- Opening Delimiter -

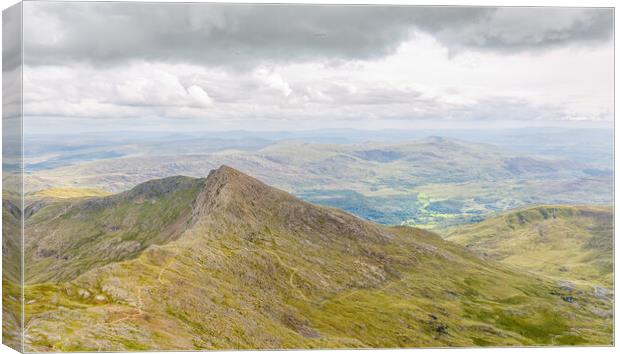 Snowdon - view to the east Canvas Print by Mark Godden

- Closing Delimiter -
- Opening Delimiter -

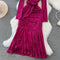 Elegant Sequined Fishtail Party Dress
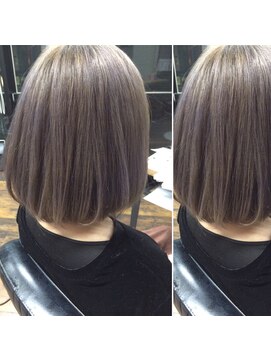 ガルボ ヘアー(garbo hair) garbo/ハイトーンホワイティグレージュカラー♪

- Closing Delimiter -
- Opening Delimiter -

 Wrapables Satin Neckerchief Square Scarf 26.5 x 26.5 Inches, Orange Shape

- Closing Delimiter -

## Your objective:
How would the lines above read from the one with "Elegant Sequined Fishtail Party Dress" to the one with "ガルボ ヘアー(garbo hair)", inclusive, with no pictures? Write them out exactly.

## Answer to this exercise:
 Elegant Sequined Fishtail Party Dress
 ガルボ ヘアー(garbo hair) garbo/ハイトーンホワイティグレージュカラー♪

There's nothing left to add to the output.